Sovereign Immunity Is Absolute, and Textualism May Be Too at Georgia High Court

On June 19, 2017, the Georgia Supreme Court issued a widely anticipated decision, Lathrop v. Deal. The case questioned whether the doctrine of sovereign immunity barred challenges to the constitutionality of state laws. In its ruling, the court: (1) provided a roadmap for how such challenges must be made, and (2) set forth important views of its role in the balance of powers within state government. While the first point is important, the second may help drive business and legal decisions within Georgia.

The Decision

The Lathrop case was a challenge to a Georgia statute regulating abortions. The lawsuit was brought against Gov. Nathan Deal and other individuals in their official capacities, and it sought to enjoin enforcement of the statute. The lawsuit was limited to challenges under the Georgia Constitution. The state Supreme Court held, in a lengthy and history-laden opinion authored by Justice Keith Blackwell, that the doctrine of sovereign immunity barred a lawsuit of any kind (absent waivers) against the state or its officials in their official capacity, including a challenge to the constitutionality of a statute. The decision further held, however, that state and local officials can be sued in their individual capacities challenging enforcement of the statute, so long as plaintiffs seek only prospective, injunctive relief.

What It Means for Businesses, Litigators and Textualism

Businesses in Georgia need to be aware of this holding for several reasons. First, the Georgia Constitution is substantively different from the U.S. Constitution in both content and approach. Many of the provisions of the state constitution are more granular in nature. Accordingly, the concept of a corporate challenge to a statute as a violation of the state constitution may be more likely to arise than a business challenge to the U.S. Constitution. The Lathrop case sets forth the framework for such a challenge.

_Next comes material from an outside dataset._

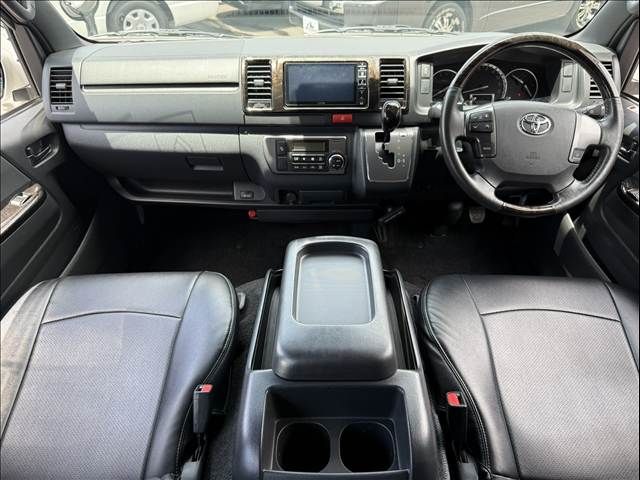 TOYOTA HIACE van 2WD 2018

Second, the opinion has much to teach about how the newly constituted state Supreme Court will handle future cases and how that will impact lawsuits throughout Georgia. It is important to note that six of the nine sitting Georgia justices have been appointed since 2005 (including Justice Blackwell), two years after the Georgia governorship became held by a Republican for the first time in generations. Two of those justices are the result of an expansion of the court from seven justices to nine, a topic that was of much political debate over whether the court required more assistance or whether the current governor was "packing" the court. And while the two most recent appointees did not participate in the case, it is nonetheless interesting to read a case of constitutional proportions to see how the newly constituted court will approach its jurisprudence.